My argument is not that Anbar is failing (it isn't, and I wouldn't be happy if it did), but that it is not analogous to Pakistan. Yet Anbar is what CENTCOM is explicitly alluding to whenever it discusses the idea behind arming the tribes of NWFP.

I guess I should ask a counterfactual: why focus on the politics of Anbar, which are outside this discussion, instead of the many ways in which an American military presence in Waziristan is a bad idea, and evidence of continued (I would argue willful, though that is its own discussion) strategic ignorance at the top?

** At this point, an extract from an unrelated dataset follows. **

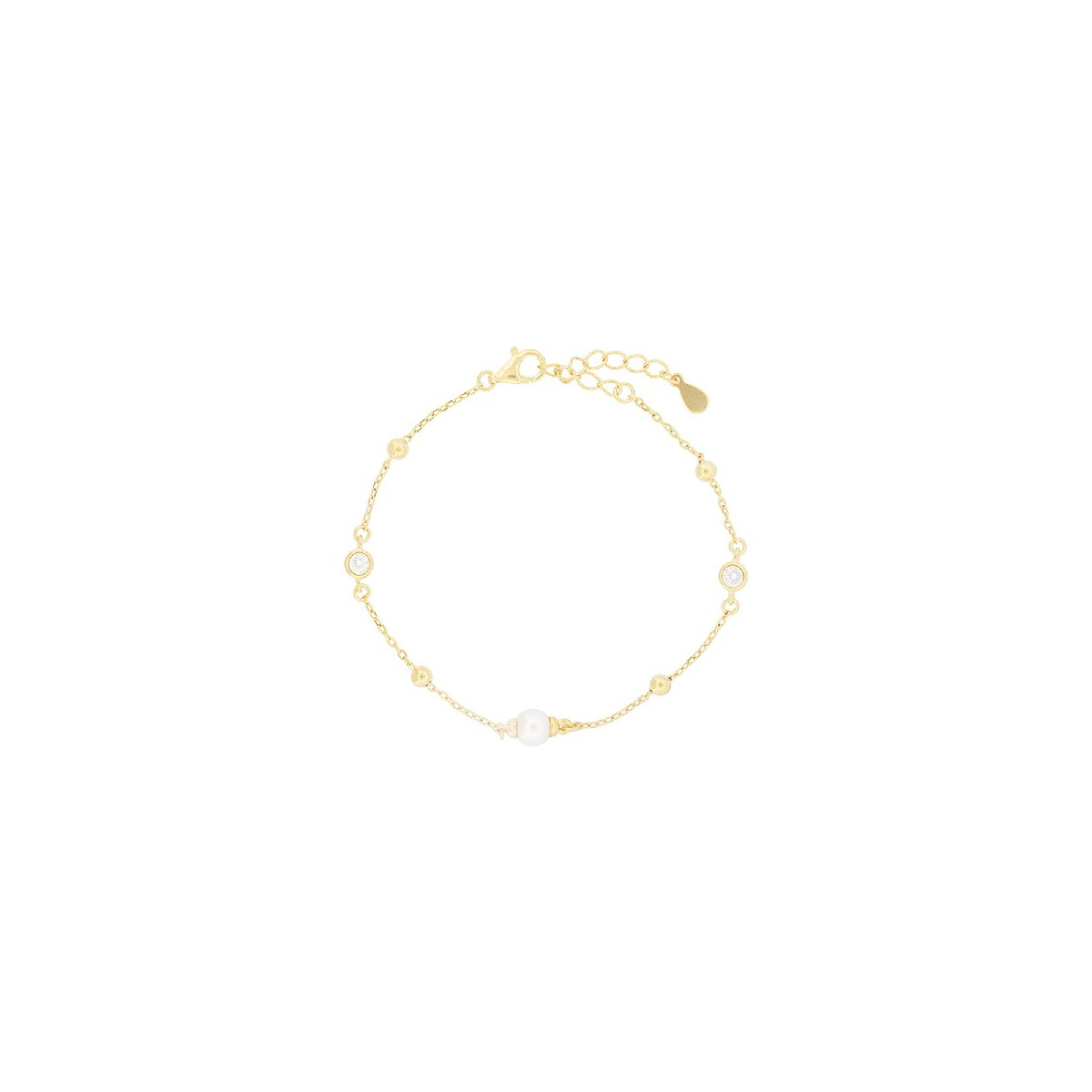 PULSERA CIRCULO CZ CON PERLA - PU5846CH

January 7, 2008 11:54 PM  
Anonymous mukhtar the mambet said...

A dumb question: is anyone really talking about a stepped-up permanent ground presence of US forces in FATA? That strikes me as insane. However, an increase in HUMINT (read: spreading more money around FATA) and Hellfire strikes off of Predators strikes me as the most logical way to "increase US covert activity" in the tribal areas. Otherwise, I cannot even begin to fathom the basic logistical and operational complications such a move would imply: where would US ground forces (in numbers above squad level) in Pakistan get resupplied from? Where would they get fuel from? Just look at the logistical tail that's required even to support the relatively small SAF fire bases on the Afghan side of the border, and it makes me wonder whether anything other than either incursions or squad-sized air insertion missions is feasible.

-david

January 8, 2008 10:35 AM  
Anonymous GreatGreenHammer said...

Thanks for the response Josh..

I actually wasn't complaining about "anonymous" postings. Check my lead sentence, I think i used the word "anymosity" it's prolly mispelled so I get what i deserve.

As for the rest of your argument, I have to conceed. I think you're right.